Thaci ne s'arrête pas, présente des diplomates étrangers avec correction des frontières avec la Serbie

Pour le dialogue et la perspective de parvenir à un accord historique entre le Kosovo et la Serbie, le Président Thaci a également discuté hier des chefs de mission diplomatique étrangère au Kosovo. Le président Thaci leur a dit qu'il était temps de conclure un grand accord historique entre le Kosovo et la Serbie. Nous ne pouvons pas revenir en arrière, parce que l'histoire de [...]
Le président Thaci leur a dit qu'il était temps de conclure un grand accord historique entre le Kosovo et la Serbie.
Nous ne pouvons pas revenir en arrière parce que l'histoire des rapports entre le Kosovo et la Serbie est tragique. Nous ne pouvons rester dans le pays ni bloquer, et nous n'avons pas à nous attendre à quoi nous attendre, car l'impasse et l'attente dans la résolution des rapports entre le Kosovo et la Serbie sont précisément des appels à des tensions, à la déstabilisation, à de gros problèmes, non seulement entre nous, mais aussi dans toute la région”, a déclaré le président Thaci.
Le plein accès du président Thaci aux missions diplomatiques des États membres de l'UE, de la KFOR, de l'OSCE, d'EULEX et de l'ambassade des États-Unis:
Chers ambassadeurs,
Merci de vous être réunis ici, dans ce format, quelques semaines seulement après avoir parlé parfaitement et sincèrement de la situation réelle du dialogue entre le Kosovo et la Serbie sur la normalisation des relations, ainsi que de la perspective de parvenir à l'accord juridiquement contraignant entre le Kosovo et la Serbie, en tant que deux États indépendants.

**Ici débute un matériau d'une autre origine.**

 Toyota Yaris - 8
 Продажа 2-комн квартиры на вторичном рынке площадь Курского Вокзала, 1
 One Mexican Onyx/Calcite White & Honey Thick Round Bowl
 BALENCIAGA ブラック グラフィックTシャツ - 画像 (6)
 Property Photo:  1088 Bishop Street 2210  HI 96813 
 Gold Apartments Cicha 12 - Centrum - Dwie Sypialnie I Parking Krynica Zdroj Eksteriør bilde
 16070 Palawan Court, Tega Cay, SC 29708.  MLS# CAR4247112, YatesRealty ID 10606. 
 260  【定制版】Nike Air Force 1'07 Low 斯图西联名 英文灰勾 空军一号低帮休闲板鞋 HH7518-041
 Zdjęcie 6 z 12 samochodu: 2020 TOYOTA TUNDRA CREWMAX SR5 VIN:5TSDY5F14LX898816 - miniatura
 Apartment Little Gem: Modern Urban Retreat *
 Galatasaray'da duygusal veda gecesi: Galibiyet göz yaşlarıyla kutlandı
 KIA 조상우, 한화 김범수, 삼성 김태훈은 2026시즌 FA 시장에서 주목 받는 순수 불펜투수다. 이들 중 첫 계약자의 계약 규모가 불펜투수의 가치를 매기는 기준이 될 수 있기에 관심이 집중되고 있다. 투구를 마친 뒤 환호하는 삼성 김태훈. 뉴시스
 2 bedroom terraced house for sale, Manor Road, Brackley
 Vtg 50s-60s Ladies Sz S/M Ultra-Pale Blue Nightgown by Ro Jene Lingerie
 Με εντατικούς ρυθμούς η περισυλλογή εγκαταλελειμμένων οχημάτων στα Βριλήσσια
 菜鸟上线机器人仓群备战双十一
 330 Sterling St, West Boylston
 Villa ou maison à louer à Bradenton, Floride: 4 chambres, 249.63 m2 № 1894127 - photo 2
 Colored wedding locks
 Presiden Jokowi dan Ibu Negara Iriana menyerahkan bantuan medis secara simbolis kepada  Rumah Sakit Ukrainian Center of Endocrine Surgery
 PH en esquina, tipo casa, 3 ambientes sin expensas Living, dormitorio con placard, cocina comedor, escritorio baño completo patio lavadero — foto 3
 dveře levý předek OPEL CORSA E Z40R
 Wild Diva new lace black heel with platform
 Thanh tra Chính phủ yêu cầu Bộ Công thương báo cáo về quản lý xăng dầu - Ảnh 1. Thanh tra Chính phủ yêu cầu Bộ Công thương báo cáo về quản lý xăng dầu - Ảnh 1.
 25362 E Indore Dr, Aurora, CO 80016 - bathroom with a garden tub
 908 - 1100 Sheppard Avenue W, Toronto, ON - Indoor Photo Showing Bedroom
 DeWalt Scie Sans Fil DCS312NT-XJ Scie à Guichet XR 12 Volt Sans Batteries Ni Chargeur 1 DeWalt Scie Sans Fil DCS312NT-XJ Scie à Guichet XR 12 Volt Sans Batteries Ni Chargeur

Je vous l'ai dit, je le répète aujourd'hui : C'est l'heure du grand arrangement historique entre les deux États.
Nous ne pouvons pas revenir en arrière parce que l'histoire des rapports entre le Kosovo et la Serbie est tragique.
Nous ne pouvons rester dans le pays ni bloquer, et nous n'avons pas à nous attendre, car l'impasse et l'attente de la résolution des rapports entre le Kosovo et la Serbie appellent précisément à des tensions, à la déstabilisation, à de gros problèmes, non seulement entre nous, mais aussi dans toute la région.
Nous n'avons pas le temps de perdre, ni nous, ni la Serbie. Nous devons conclure un accord pour une normalisation complète des relations dans les mois à venir.
Je leur dirai très franchement que le Kosovo, en tant qu'État, en tant que société politique, est fatigué d'être coincé dans le processus de consolidation interne et internationale.
Que la Serbie intervienne dans les affaires de l'État du Kosovo ou parce que l'UE n'a pas réussi à créer un consensus pour reconnaître l'État du Kosovo ou parce que beaucoup ont pensé qu'avec le temps, les choses au Kosovo et autour du Kosovo seront résolues.
Cette pensée s'est avérée complètement erronée.
Je vais maintenant dire clairement comment je vois la phase finale du dialogue entre nous et les autorités de Serbie.
Premièrement, comme je l'ai souligné dernière ligne, nous aimons que le Kosovo s'attache à un accord permanent avec la Serbie, et non un autre accord de transition qui ne reporte les choses que pendant plusieurs années.
Deuxièmement, pour nous, la normalisation complète des relations entre le Kosovo et la Serbie est une reconnaissance formelle, mutuelle, entre l'État du Kosovo et l'État de Serbie.
Troisièmement, nous visons, à juste titre, par cet accord, par la reconnaissance formelle entre le Kosovo et la Serbie, à ouvrir la possibilité de devenir membre de l'ONU, de l'OSCE, du Pacte de l'OTAN et à nous offrir réellement la perspective d'une adhésion à l'UE.
Quatrièmement, la reconnaissance mutuelle entre les deux États serait également suivie d'un processus convenu entre les deux parties pour la correction des frontières entre le Kosovo et la Serbie.
Je dois être très clair : Ce processus marquerait la fin du long conflit de plus d'un siècle entre le Kosovo et la Serbie, et non le début d'un nouveau conflit.
Le temps de guerre et de conflit, entre le Kosovo et la Serbie, pour mon obéissance, est passé. Mais la fin de cette ère ne sera trouvée que lorsque nous aurons conclu le grand accord politique entre nous et Belgrade.
Cinquièmement, un tel accord entre nous et la Serbie, je le répète avec toute la responsabilité, contribuera à la paix et à la stabilité de cette partie des Balkans. Nous avons d'excellents rapports de voisinage avec la Macédoine, le Monténégro et l'Albanie. Ce sera pour toujours entre nous. Et nous voulons, bien sûr, avoir de très bons rapports avec la Serbie, dans un avenir proche.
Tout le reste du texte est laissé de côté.